The Department of Justice, which oversees immigration courts and appoints immigration judges, did not respond to an interview request or written questions for this story.

As the Trump administration ramped up immigration enforcement, it initiated a broad "mandatory detention” policy, a shift that led to thousands of immigrants being held without a bond hearing. Lawyers challenged the policy through a flood of habeas corpus petitions.

Michigan Public tracked more than 800 such petitions filed in Michigan’s two federal district courts. In most cases, judges found immigrants were being “unlawfully detained” in violation of their Fifth Amendment due process rights.

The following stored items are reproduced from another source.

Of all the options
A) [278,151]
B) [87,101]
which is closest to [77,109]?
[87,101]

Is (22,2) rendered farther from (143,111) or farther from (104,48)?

But “winning” a habeas case does not guarantee freedom. The judge’s order gives the government a few business days to either release detainees or give them a bond hearing. And it requires the DOJ to file a “status report” detailing what happened.

Michigan Public reviewed status reports from about 500 cases where habeas petitions were granted in Michigan from November 2025 to mid-February 2026.

Data from those status reports provides a rare, if incomplete, window into what happens after federal judges decide immigrants are “unlawfully” detained at North Lake and four county jails that work with Immigration and Customs Enforcement (ICE).

“This data allowed us to see the actual trend and that it wasn't just a figment of our imagination,” said MIRC attorney Robinson of the analysis. “It wasn't just a pessimistic [view of] reality.”

Dozens of immigrants detained in the state were released after filing petitions in federal courts. About 200 more were granted bonds, giving them a chance at freedom — if they can afford it.

But many people, like Luis Fernandez-Escalante, were denied bond and remained detained.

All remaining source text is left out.